Mementos vs Minimalism

Updated: Oct 15, 2018


by Carmel MacPherson

For me, one of my favorite past-times is to bring back with me a memento from my travels—something that will take me back to that special place or experience when I look at it, hold it, use it.


I like to gaze at two beautiful blue vases that are now on my window sill. I am suddenly back inside a small shed in a remote northern part of the western coast of Scotland. It was here that my road-trip companion, Annie, and I saw a hand-written sign on the side of the road that took us up a road, then a track and finally to a private property where we found these beautiful objects (along with views that were breathtaking). I left with two blue vases, wondering how on earth I was going to get them back to Australia unbroken.

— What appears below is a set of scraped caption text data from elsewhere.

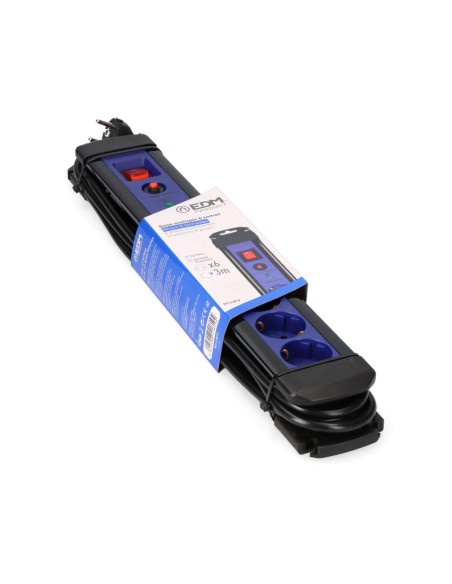 Prolongador con 6 tomas con protector + interruptor 3m.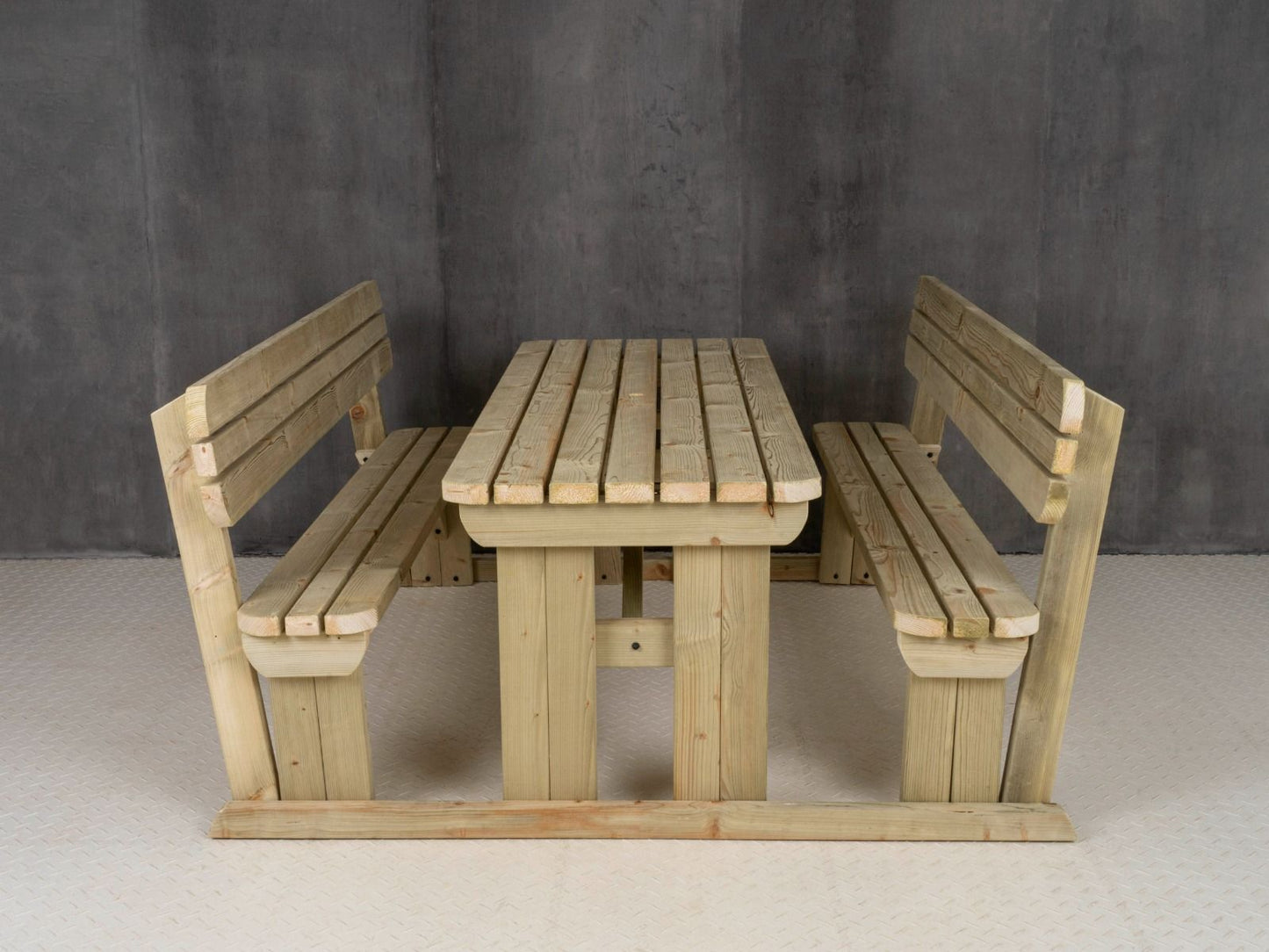 Rounded Alders Picnic Table Benches Set With Backrest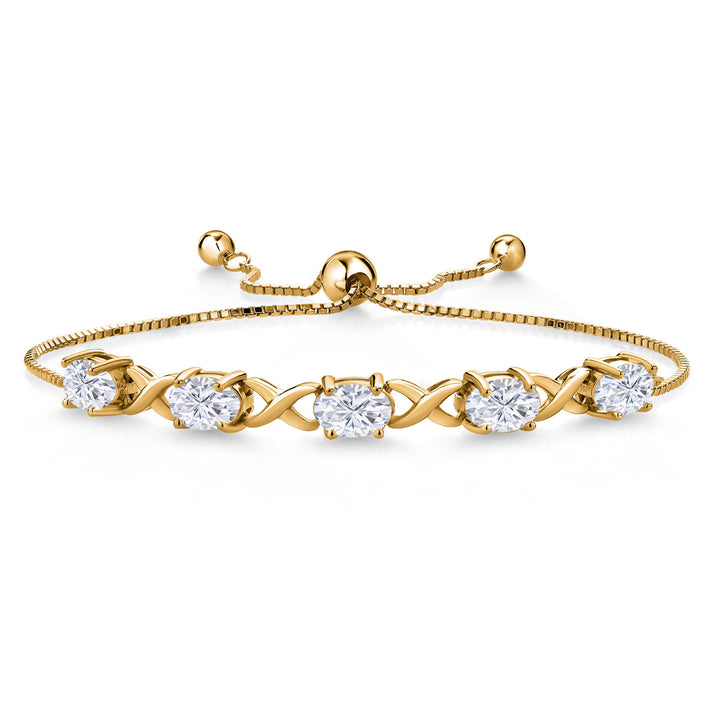 Moissanite_Bracelet in 925 Yellow Gold Plated Silver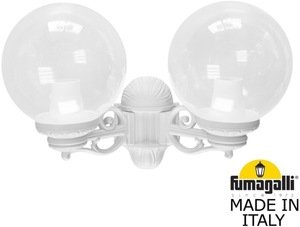 Фото Fumagalli Porpora/G250 G25.141.000.WXE27 Светильник консольный уличный на стену с 2 фонарями 370 мм (корпус белый, плафон прозрачный)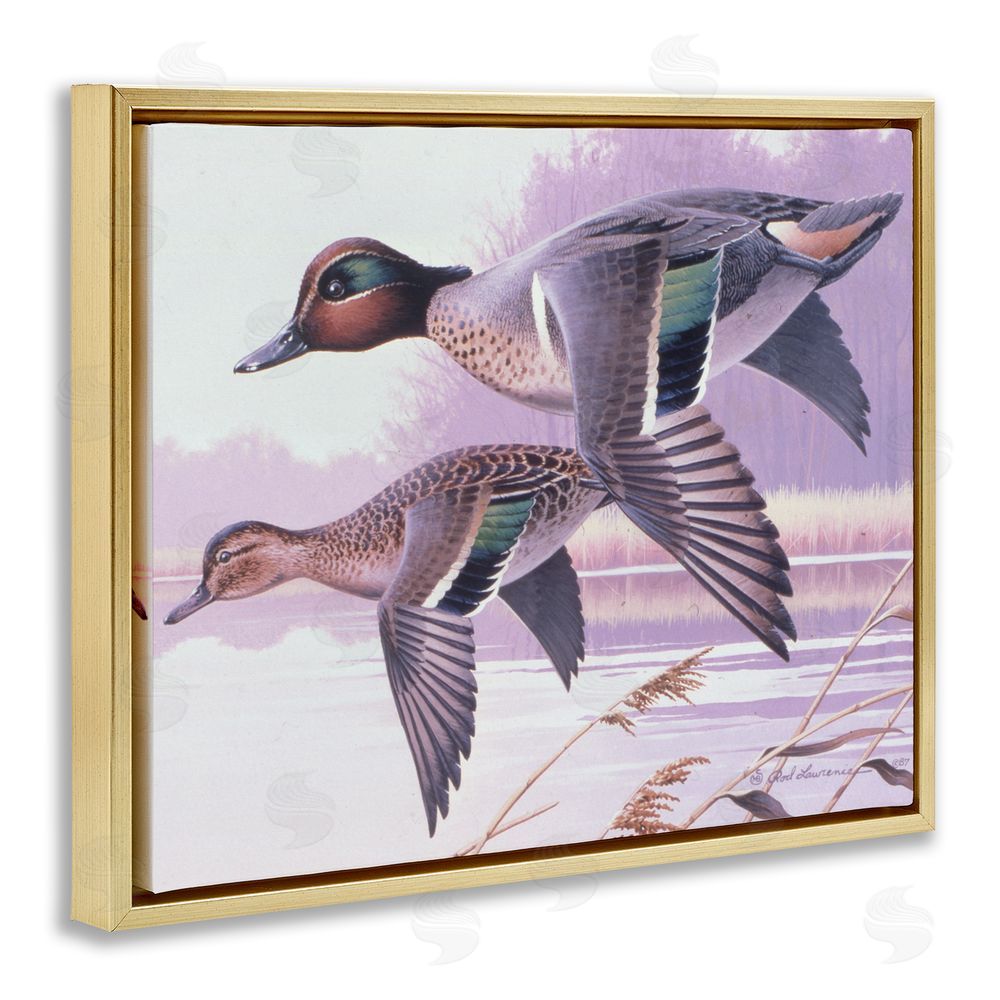Rod Lawrence Flying Mallards over Lake Gold Floating Frame Canvas Wall Art Print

Back in Canberra, I picked up a small yellow vase, and I am back inside the place I bought it—the Forbidden City in Beijing!

I imagine what everyday life must have been like when it was filled with gorgeous gardens and an elite who could never imagine a person like me, from a continent they had never heard of, standing where they lived and loved, gazing at some of the same old trees that they gazed upon.

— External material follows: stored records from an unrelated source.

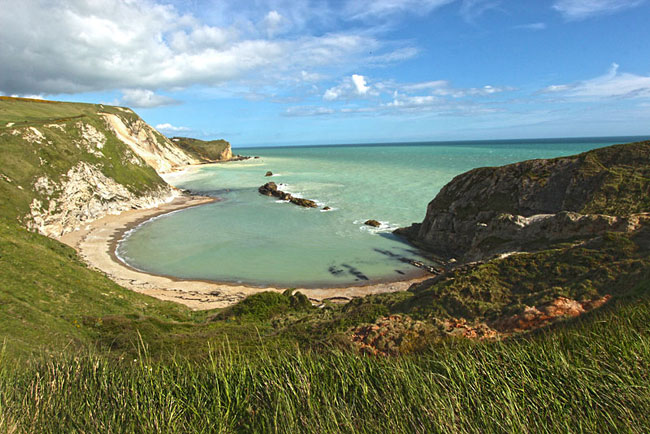 Man-O-War Cove lies to one side of Durdle Door on the South Coast trail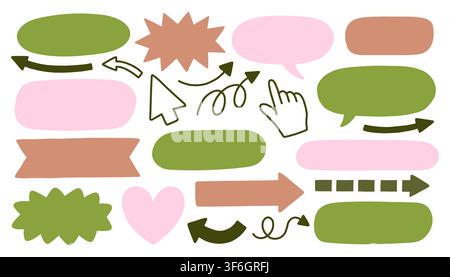 Vector set of blank speech bubbles, hand cursors, mouse pointers, heart shapes, and directional arrows for website UI design, blog graphics, and Stock Vector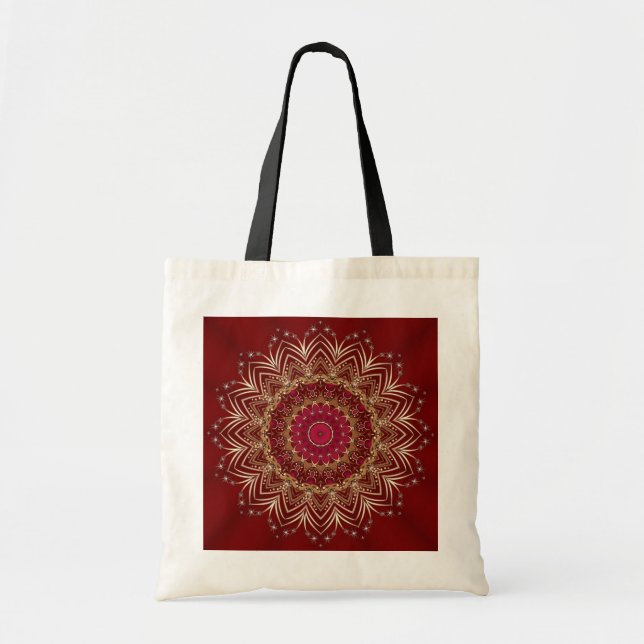 Red Gold Decorative Holiday Tote Bag (Front)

And then there is the Spode plate I found in a remote part of Utah when Annie and I were road-tripping from Boise to Los Angeles via Yosemite and Death Valley. If I turn slightly I can now see three items: one was bought in Los Angeles many years ago and was made by Adam Cramer, a very talented sculptor from Los Angeles.

Artist: Adam Cramer

Another is a thin circular vase on a stand that I found at the back of a shelf in a fishing village one hour south of Venice. I knew that it was a perfect book-end to Adam’s stunning sculpture. Between the two are a number of 'single flower' vases I bought at Fallingwater—that amazing house built in rural southern Pennsylvania by Frank Lloyd Wright. This was another road trip with Annie from Pittsburgh to northern Arkansas.




My kitchen plates are a totally disparate collection of plates and bowls that I have collected from strange places all over the world, and every time I use one of them I am back on that road, in that town, village or city, and I am smiling.


Dorothy Dunnet’s spirit (author of the brilliant Lymond Chronicles) sits beside me now as I glance at the bowl I bought in the wilds of Turkey.

In my mind's eye, I am now in the Topkapi Palace in Constantinople where Dorothy took me so many decades ago as part of the travels of her hero, Frances Crawford. Dorothy is the reason I even went to Turkey! I fiddle with the lapus-lazuli ring I bought at a second-hand shop in Chicago and remember Frances’s words to Phillipa:

I shall send gems of lapis lazuli: I shall make her fields into vineyards and her love into orchards…”

I love soaps! For the past month I have been bathing in Loch Lomond! Well, not quite, but the sensual soap I bought at Loch Lomond fills the bathroom, and I am smiling.

I look at my grand-daughter’s gifts for her 18th birthday—a collection gathered over 12 months from many places: some clothing from Lake Como and the Galleries Lafayette in Paris. Annie and I were only in the Galleries Lafayette because we wanted to see the beautiful stained-glass dome in the Tea Room.

Back at home I pick up a mug I bought at the Palais Garnier. Every time I drink from it I am back at that gloriously extravagant building, not only re-living scenes from Highlander that were shot there but also re-watching the ballet dancers rehearsing for some grand performance.


For decades I have been a Richard III fan and was overwhelmed when his body was rediscovered. As I sip my Lady Grey tea and wrap my hands around my mug I am back in Leicester Cathedral, paying homage at the new tomb of the last Plantagenet king of England.

I won’t even go into my many scarves. They wrap me up in memories of the Musee de Cluny or that little shop on the Royal Mile in Edinburgh. What a find those 3 ruby glass dishes were from a boot sale in Queens—and a little white dish from a market in Rome—and beautiful books all loved and read by another decades (and centuries) ago!


So, where does minimalism come into this? Recently I radically downsized to a 1-bedroom apartment in Canberra. I love the concept of minimalism from a sustainability point of view and agree that we have too much 'stuff.' I have ruthlessly culled my wardrobe, art works, books (!!!), and crockery. Every month I take more items to local thrift shops.


I understand why some find it very easy: the more mind-driven, pragmatic and adaptable. I am adaptable, like change and variety, but am heart-driven. This will never change and thus, I fear, I will continue to bring home with me items that are rich in memories and make me smile.


For me, one of my favorite past-times is to bring back with me a memento from my travels—something that will take me back to that special place or experience when I look at it, hold it, use it.